For Stewart Isaacs, an MIT PhD student in aeronautics and astronautics, life has been a journey from one jump rope competition to another. At age 5, he and his sister joined their elementary school’s competitive jump rope team. Years later, after astronomical amounts of practice and the addition of high-flying tricks and flips to his repertoire, Isaacs went on to compete and win at the regional, national, and world levels.
Isaacs has held records as the fastest jumper in one- and three-minute intervals, but his proudest achievement to date is winning the 2017 Grand World Championship in Single Rope Freestyle. “It was a very proud moment for me,” Isaacs says. “I actually keep that trophy with me, and it’s on a stand in my room in Baker House,” where he is a graduate resident tutor.
Currently, Isaacs is a researcher in the Lab for Aviation and the Environment studying electrofuels — renewable, carbon-neutral alternatives to jet fuel — in work sponsored by the MIT Energy Initiative. “The idea is you take the renewable electricity and use it to synthesize fuel from carbon from the atmosphere and hydrogen from water into a hydrocarbon, which is used as a transportation fuel,” he explains.
Isaacs found that the toughest part of transitioning into graduate school was having fewer opportunities to socialize with other students. So he joined student groups including the MIT Black Graduate Student Association and founded MIT AeroAfro, a support network for students who are aeronautics and astronautics graduate students and members of the African diasporic community.
Before coming to MIT, Issacs earned his bachelor’s degree in mechanical engineering at Stanford University in 2017. In addition to his academics at Stanford, he stayed active in jump rope by becoming the president and co-founder of the Stanford Jump Rope Team. Isaacs also performed during an NBA playoff game at New York’s Madison Square Garden and was featured in the Disney Channel original movie, "Jump In!"

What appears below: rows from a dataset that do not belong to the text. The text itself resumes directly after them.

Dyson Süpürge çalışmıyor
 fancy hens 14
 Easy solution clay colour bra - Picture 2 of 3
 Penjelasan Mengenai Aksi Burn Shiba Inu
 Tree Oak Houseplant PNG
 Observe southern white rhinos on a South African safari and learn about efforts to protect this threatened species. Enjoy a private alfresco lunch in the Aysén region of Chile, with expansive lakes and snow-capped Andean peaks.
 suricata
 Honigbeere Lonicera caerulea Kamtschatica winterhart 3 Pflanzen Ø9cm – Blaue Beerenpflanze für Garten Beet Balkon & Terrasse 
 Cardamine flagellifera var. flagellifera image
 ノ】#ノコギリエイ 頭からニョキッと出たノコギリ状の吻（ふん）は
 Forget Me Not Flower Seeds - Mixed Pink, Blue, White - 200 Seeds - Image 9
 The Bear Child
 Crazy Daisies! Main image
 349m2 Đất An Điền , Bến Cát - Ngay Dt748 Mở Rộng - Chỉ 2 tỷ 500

Isaacs is not currently preparing for competitions, allowing him to focus on his academics and research. However, he still practices two to three times a week, regardless of how busy his schedule is. In fact, Isaacs credits many of his academic successes to his long jump rope career. He believes that jumping rope is not just something he wants to do, but rather something he needs to do. “If I want to be successful in my other endeavors or in my student groups, in my studies, it’s important that I continue to jump rope throughout my life to stay physically and mentally healthy,” he says.
The biggest lesson Isaacs learned from rope jumping? When working to perfect a challenging skill or to achieve a lofty goal, keep trying in the face failure. Or, as Isaacs likes to say, “Shoot for the moon. Even if you miss you’ll land among the stars.”